Sounds like you will end up writing something brand new - much less
stable than any of the options mentioned in the thread previously.


Well, the new component will be something simple. All I really
need to know is how to mark the inodes as allocated and initialised,
rather than unwritten.

--
Alex Bligh

_______________________________________________
Ext3-users mailing list
Ext3-users@redhat.com
https://www.redhat.com/mailman/listinfo/ext3-users
 
Old 11-04-2010, 11:46 AM
Bodo Thiesen
 
Default How to generate a large file allocating space

Hello Alex, hello Andreas

* Andreas Dilger <adilger@dilger.ca> hat geschrieben:
>* On 2010-10-31, at 09:05, Alex Bligh wrote:
>> I am trying to allocate huge files on ext4. I will then read the extents
>> within the file and write to the disk at a block level rather than using
>> ext4 (the FS will not be mounted at this point). This will allow me to
>> have several iSCSI clients hitting the same LUN r/w safely. And at
>> some point when I know the relevant iSCSI stuff has stopped and been
>> flushed to disk, I may unlink the file.

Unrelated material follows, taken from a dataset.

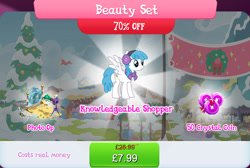Size: 1268x853 | Tagged: safe, imported from derpibooru, lightning bolt, white lightning, pegasus, pony, bundle, bush, camera, cardboard cutout, clothes, costs real money, earmuffs, english, female, flower, gameloft, mare, my little pony: magic princess, numbers, official, sale, scarf, snow, solo, solo focus, spread wings, text, wings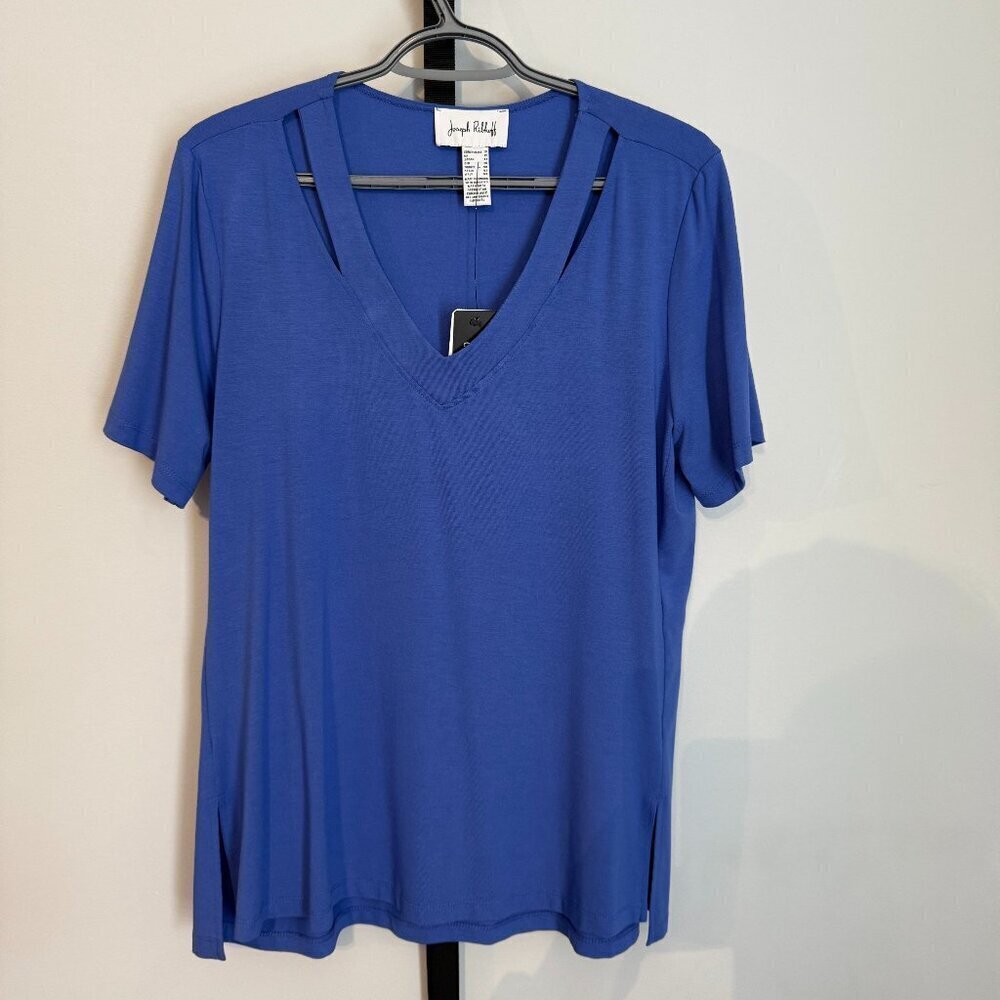 NWT - Joseph Ribkoff Blue Shirt with cutouts, Size 10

Question: Did you consider using plain LVM for this purpose? By creating a
logical volume, no data is initialized, only the meta data is created
(what seems to be exactly what you need). Then, each client may access one
logical volume r/w. Retrieving the extents list is very easy as well. And
because there are no group management data (cluster bitmaps, inode bitmaps
and tables) of any kind, you will end up with only one single extent in
most cases regardless of the size of the volume you've created.

> Hmm, why not simply use a cluster filesystem to do this?
>
> GFS and OCFS both handle shared writers for the same SAN disk (AFAIK),

They are SUPPOSED to do that - in theory. The last two weekends I tried to
set up a stable DRDB+GFS2 setup - I failed. Then I tried OCFS2 - again I
failed. The setup was simple: Two identical Systems with 10*500GB disks
and a hardware RAID6 yielding 4GB user disk space. That was used to create
a DRDB (no LVM or other stuff like crypto in betreen). Both were set to
primary and then I created GFS2 (later OCFS2) and started the additional
tools like clvm/o2bc. Then mounting the file systems on both machines -
everything worked up to here.

machine1: dd if=/dev/zero of=/mnt/4tb/file1
machine2: dd if=/dev/zero of=/mnt/4tb/file2

Worked well in both setups on both machines

machine1: let i=0; while let i=i+1; do echo "A$i" >> /mnt/4tb/file3; done
machine2: let i=0; while let i=i+1; do echo "B$i" >> /mnt/4tb/file3; done

GFS2: First machine works well, second machine starts returning EIO on
*ANY* request (even ls /mnt/4tb). Umount impossible. Had to reboot ->
#gfs2 #fail
OCFS2: passed this test as well as the next one

machine1: let i=0; while let i=i+1; do echo "A$i"; done >> /mnt/4tb/file4
machine2: let i=0; while let i=i+1; do echo "B$i"; done >> /mnt/4tb/file4

Then I rebooted one machine with "echo b > /proc/sysrq-trigger" while the
last test was still in progress. Guess what: The other machine stopped
working. No reads, no writes. It didn't evern go on when the first machine
came back. I had then to reboot the second one as well to continue using
the file system.

Maybe I did something wrong, maybe the file systems just aren't as stable
as we expected them to be, anyways, we decided now to use stable systems,
i.e. drbd in primary/secondary setup and ext3 with failover to the other
system if the primary goes down, and as the system already went
productive, we're not gonna change anything here in the near future. So
consider this report as strictly informative.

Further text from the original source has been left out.